Posts Tagged ‘cervical dilation’

The Red/Purple Line: An Alternate Method For Assessing Cervical Dilation Using Visual Cues

October 9th, 2012 by avatar

By Mindy Cockeram, LCCE

Today’s blog post is written by Mindy Cockeram, LCCE.  Mindy explores the “mystical” red/purple line that has been observed to provide information about cervical dilation without the need for a vaginal exam. – SM

When couples in my classes are learning techniques for coping in labor, such as the Sacral Rub (sacrum counterpressure), Double Hip Squeeze and Bladder32 accupressure points,  I always talk about the great position the partner is in for spotting the red, purple or dark line (depending on skin color) that creeps up between the laboring woman’s buttocks and how – by ‘reading’ that line – he or she may be able to assess more accurately the woman’s cervical progress than the health care providers!  This empowering thought is often met with smiles and laughter especially when I translate ‘natal cleft’ into more recognizable words like ‘butt cleavage’.  Strangely, I’ve never had anyone in class mention having heard of this ‘thermometer’ for accessing cervical dilation by sight and I find this interesting considering the number of medical professionals that come through my classes.

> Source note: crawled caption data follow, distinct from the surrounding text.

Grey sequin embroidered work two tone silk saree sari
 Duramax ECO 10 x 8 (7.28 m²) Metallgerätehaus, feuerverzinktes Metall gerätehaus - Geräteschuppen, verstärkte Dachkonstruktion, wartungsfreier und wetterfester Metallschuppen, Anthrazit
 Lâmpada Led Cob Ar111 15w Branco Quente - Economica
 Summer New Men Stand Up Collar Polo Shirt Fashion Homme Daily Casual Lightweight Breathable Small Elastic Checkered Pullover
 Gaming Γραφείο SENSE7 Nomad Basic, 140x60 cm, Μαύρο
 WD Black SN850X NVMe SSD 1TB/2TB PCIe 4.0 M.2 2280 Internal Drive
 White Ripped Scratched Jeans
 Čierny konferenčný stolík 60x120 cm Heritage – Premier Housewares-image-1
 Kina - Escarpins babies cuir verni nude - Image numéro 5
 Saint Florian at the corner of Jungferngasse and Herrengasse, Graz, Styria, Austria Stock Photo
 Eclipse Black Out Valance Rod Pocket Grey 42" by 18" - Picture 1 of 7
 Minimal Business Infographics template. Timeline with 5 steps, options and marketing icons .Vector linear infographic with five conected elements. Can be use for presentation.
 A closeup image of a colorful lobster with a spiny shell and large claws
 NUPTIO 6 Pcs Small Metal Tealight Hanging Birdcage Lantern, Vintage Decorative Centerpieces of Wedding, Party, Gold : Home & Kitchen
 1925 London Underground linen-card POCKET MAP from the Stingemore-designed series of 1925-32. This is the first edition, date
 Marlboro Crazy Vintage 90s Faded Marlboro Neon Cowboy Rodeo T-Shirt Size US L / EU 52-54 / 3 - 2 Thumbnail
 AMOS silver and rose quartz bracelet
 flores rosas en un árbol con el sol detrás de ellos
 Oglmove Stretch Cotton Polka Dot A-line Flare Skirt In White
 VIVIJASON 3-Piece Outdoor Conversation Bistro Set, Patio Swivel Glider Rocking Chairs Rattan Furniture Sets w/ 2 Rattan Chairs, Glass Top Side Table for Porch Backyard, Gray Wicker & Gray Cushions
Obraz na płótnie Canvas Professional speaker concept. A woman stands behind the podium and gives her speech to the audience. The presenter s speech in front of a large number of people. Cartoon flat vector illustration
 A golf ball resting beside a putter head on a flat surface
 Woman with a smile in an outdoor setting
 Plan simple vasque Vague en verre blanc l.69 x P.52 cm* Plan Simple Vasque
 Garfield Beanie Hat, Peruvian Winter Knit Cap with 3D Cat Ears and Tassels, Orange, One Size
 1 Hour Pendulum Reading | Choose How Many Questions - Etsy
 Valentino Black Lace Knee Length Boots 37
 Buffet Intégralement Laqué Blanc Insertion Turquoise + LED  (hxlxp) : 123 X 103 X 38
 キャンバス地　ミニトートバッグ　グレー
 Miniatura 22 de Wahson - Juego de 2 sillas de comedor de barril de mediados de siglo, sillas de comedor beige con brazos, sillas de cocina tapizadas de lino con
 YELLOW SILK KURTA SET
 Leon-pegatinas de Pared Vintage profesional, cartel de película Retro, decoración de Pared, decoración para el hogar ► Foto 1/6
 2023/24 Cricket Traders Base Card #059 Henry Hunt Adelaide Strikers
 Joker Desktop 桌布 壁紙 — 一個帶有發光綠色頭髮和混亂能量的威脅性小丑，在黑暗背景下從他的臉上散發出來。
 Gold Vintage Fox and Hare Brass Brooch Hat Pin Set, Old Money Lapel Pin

Photo CC http://www.flickr.com/photos/alexyra/214829536/

I first came across this body of research as an Antenatal Student Teacher with the National Childbirth Trust in London.  The article I was reading was in Practising Midwife and was a ‘look back’ at the original article (Hobbs, 1998) published in the same magazine.  The original Practising Midwife article was based on a letter referencing a small study by Byrne DL & Edmonds DK published in The Lancet in 1990.

In the 1990 letter to The Lancet, Byrne and Edmonds outlined and graphed 102 observations from eighteen midwifes on 48 laboring women. It states “The red line was seen on 91 (89%) occasions, and was completely absent in five (10.4%) women and initially absent in three (6.25%).”  The report then goes on to talk about the “significant correlation between the station of the fetal head and the red line length.”  Later the authors write: “To our knowledge, this is the first report of this red line.  We believe that it represents a clinical sign which is easy to recognize and which may offer valuable information in obstetric management.”

So how does this line work?  And why does this it appear?  Practising Midwife Magazine presented a graphic which I have attempted to recreate here.  Basically as the baby descends, a red/purplish (or perhaps brown depending on skin color) line creeps up from the anus to the top of the natal cleft in between the bottom cheeks.  When the line reaches the top of the natal cleft, 2nd stage is probably a matter of minutes away.  A line sitting an inch below the natal cleft is probably in transition.  A line just above the anus probably signifies early labor.

Byrne DL & Edmonds DK, the authors of the original study, surmise that the cause of the line is “vasocongestion at the base of the sacrum.” Furthermore, the authors reason that “this congestion possibly occurs because of increasing intrapelvic pressure as the fetal head descends, which would account for the correlation between station of the fetal head and red line length.”  Fascinating and logical!

Interestingly, I came across a 2nd Scottish study from 2010 published by BMC Pregnancy & Childbirth: (Shepherd A, Cheyne H, Kennedy S, McIntosh C, Styles M & Niven C) which aimed to assess the  percentage of women in which a line appeared (76%. ) The study cited only 48-56% accuracy of vaginal examinations to determine cervix diameter and fetal station.  So why aren’t clinicians using this less invasive visual measure – especially considering how much some women may dread vaginal exams in labor??  Wouldn’t the thought of using a methodology to lower infection rate after rupture of membranes has occurred enthuse Health Care Providers instead of using higher risk techniques?  Or how about using the accuracy of the line at the natal cleft to know when a women using epidural should really be coached to push?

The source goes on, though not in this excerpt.